Sustainable development was added to the evaluation criteria adopted by KDIPA to license foreign-owned businesses in Kuwait. As such, KDIPA now assesses the applicant’s contribution to sustainable development goals and corporate social responsibility. KDIPA further revealed in its Annual Report 2021–22 that it intends to integrate sustainability in its promotional, regulatory, developmental and advocacy functions, as well as assessing the economic, social, and environmental impact attained. This will mean reviewing all the necessary requirements and adopting optimal international practices when preparing sustainability reports.

Alternative Corporate Financing  

Kuwait has seen a steady increase in corporate financing, driven by the country’s strong financial sector and supportive government policies that have provided a stable environment for corporate financing activities. Nevertheless, the corporate financing landscape in Kuwait has recently been characterised by an increasing focus on alternative corporate financing as a way for corporations to raise capital without relying on traditional sources of funding such as bank loans and government programmes. This is even more likely to be the case after 26 January 2023, when the CBK raised its discount rate from 3.5% to 4.0% in response to recent developments in local and international economic conditions, global inflation, and changes to the interest rates on other major currencies.

In the post-pandemic world, many shareholding companies and banks in Kuwait are issuing – or currently looking to issue – convertible bonds and sukuk. In 2022, Boursa Kuwait witnessed the IPO of Ali AlGhanim and Sons Automotive Company. This was one of the largest private sector IPOs in Kuwait and came after numerous IPO-dry years. It is expected that convertible bonds and sukuk issuances and IPOs will continue to gain traction in 2023 and 2024 for large companies looking to raise funds.
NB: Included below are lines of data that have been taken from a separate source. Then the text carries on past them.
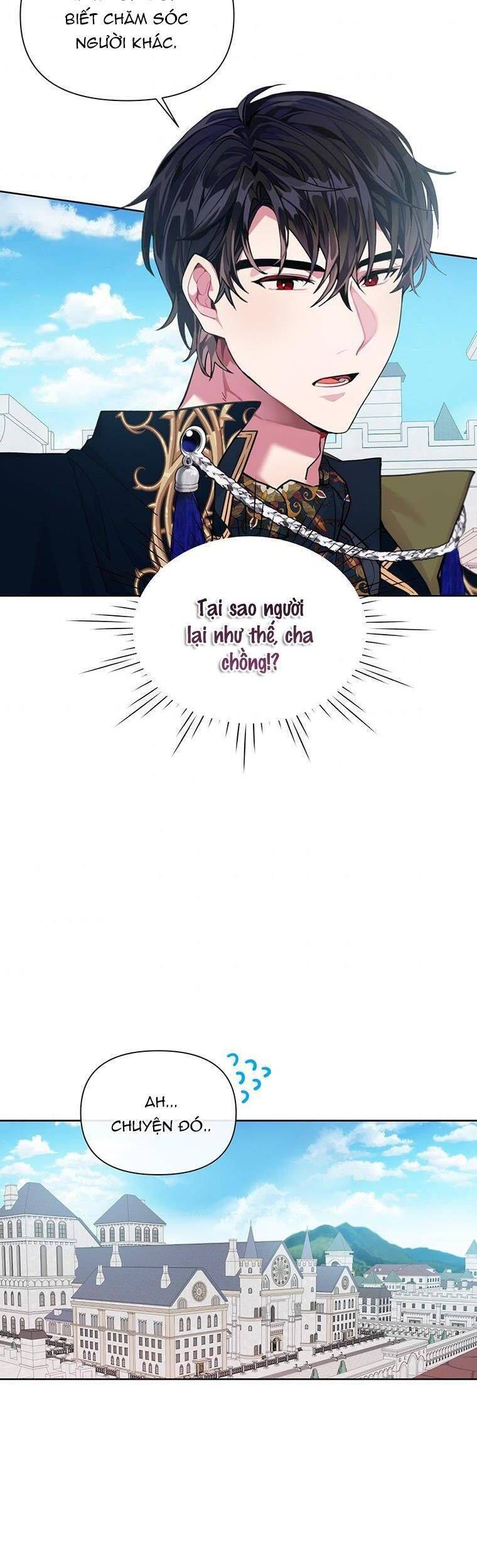 đọc truyện Trở Thành Con Dâu Của Kẻ Phản Diện Vì Thời Gian Có Hạn Chương 4 ảnh 32 tại Giả Dược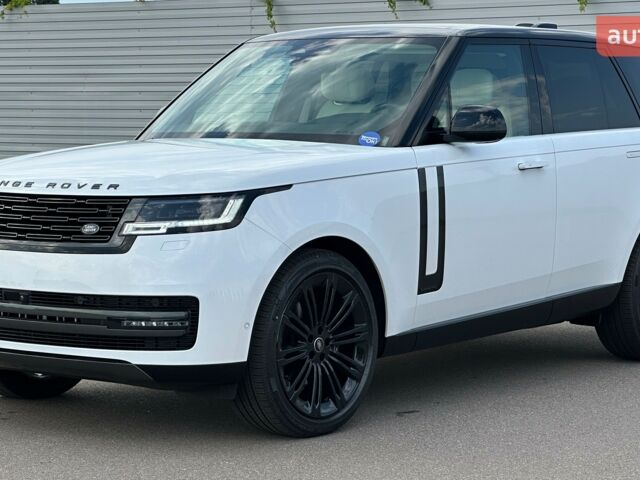 купить новое авто Ленд Ровер Рендж Ровер 2025 года от официального дилера JAGUAR LAND ROVER КИЇВ АЕРОПОРТ Ленд Ровер фото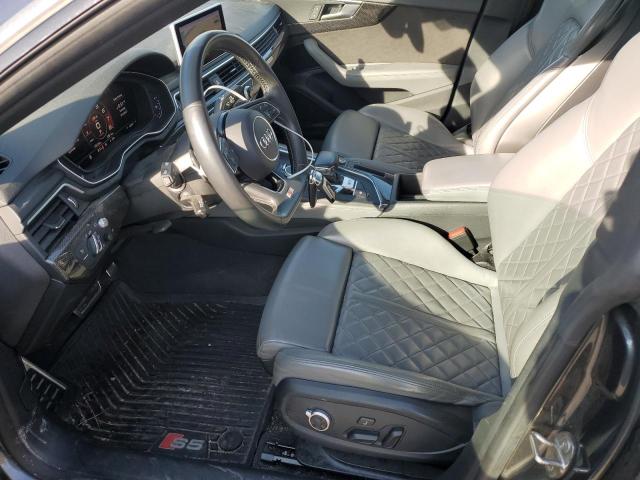 Photo 7 from auction – 2019 AUDI S5 PRESTIG with VIN WAUC4CF55KA053809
As regards SMEs, another emerging trend that is likely to gain popularity is crowdfunding. At the beginning of 2023, the CMA issued Resolution No 10 of 2023 establishing a regulatory framework for fintech, which regulates equity crowdfunding. Only SMEs are eligible to access capital through crowdfunding in order to start their business and this excludes – inter alia – public companies, companies with a capital exceeding KWD500,000 (approximately USD1.65 million), and single-person companies.

Conclusion  

Kuwait is embarking on a sustainability journey in line with the global pace trend. It is yet to be seen if the scope of the sustainability regulations in Kuwait will soon be widened and made entirely mandatory. Corporate and government digitalisation is evolving rapidly. The regulations are catering for the rising need for alternative financing among SMEs. By taking advantage of these trends, Kuwait is on the way to creating a more efficient, sustainable, financially secure and inclusive economy.